#### [WHAT IS NEEDED]
Without copying any picture, return all lines below exactly.

#### [INPUT DATA]

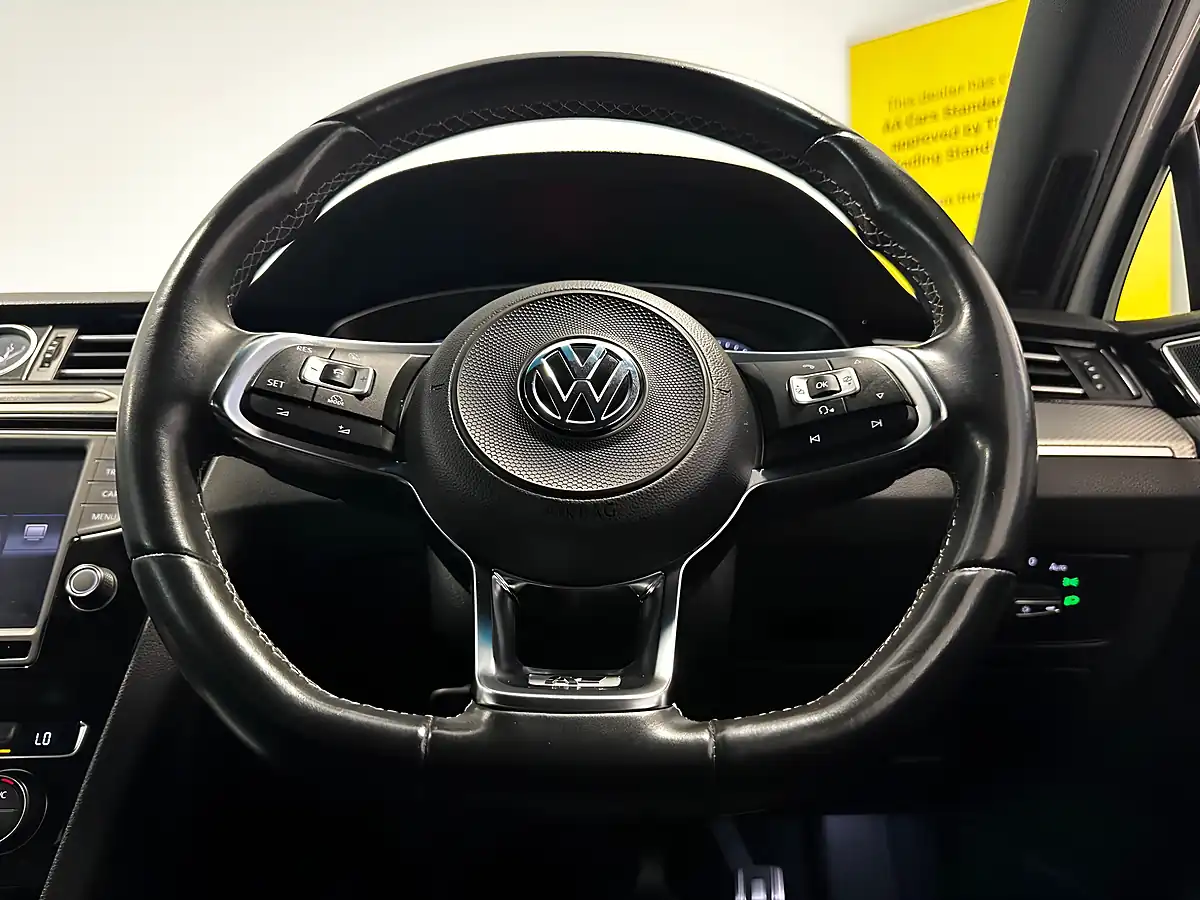 Used 2016 Volkswagen Passat R-Line Oryx White - Interior and Exterior details 14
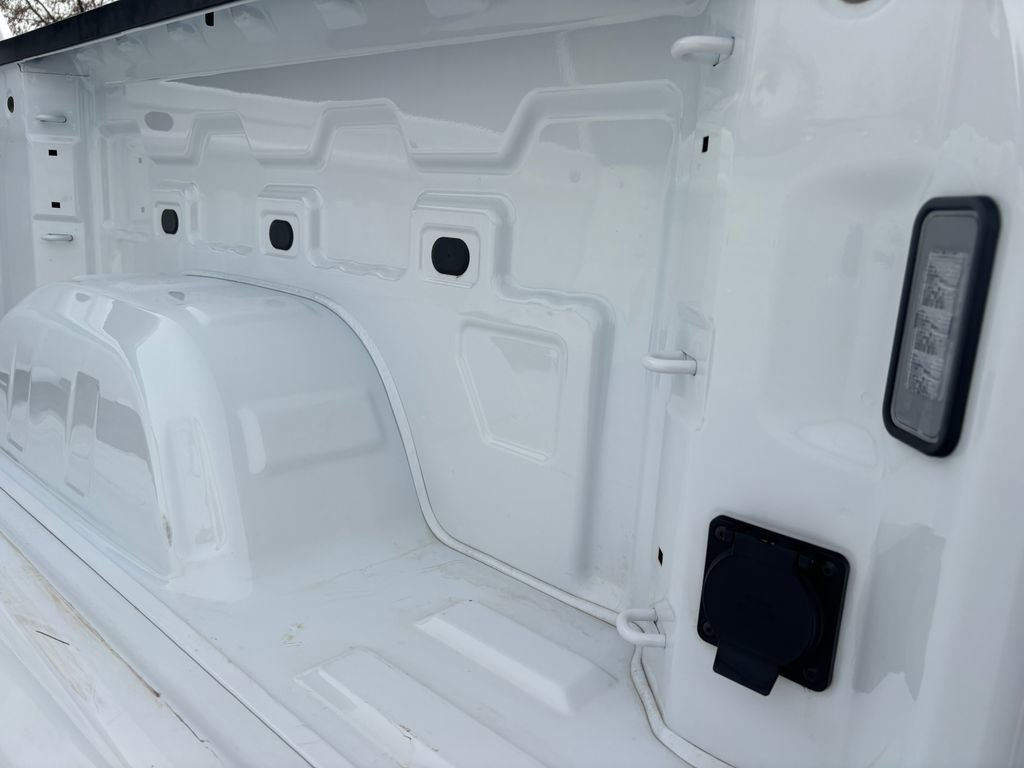 Used 2025 Chevrolet Silverado 1500 LT w/ Leather Package image 13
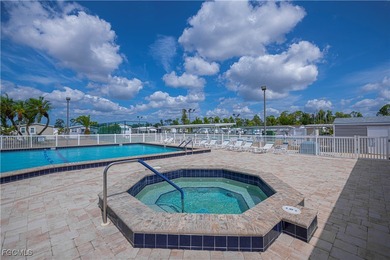 Reduced!!!!! Located in Fountain View RV Resort, a - photo 22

#### [COMPLETED TASK]
 Used 2016 Volkswagen Passat R-Line Oryx White - Interior and Exterior details 14
 Used 2025 Chevrolet Silverado 1500 LT w/ Leather Package image 13
 Reduced!!!!! Located in Fountain View RV Resort, a - photo 22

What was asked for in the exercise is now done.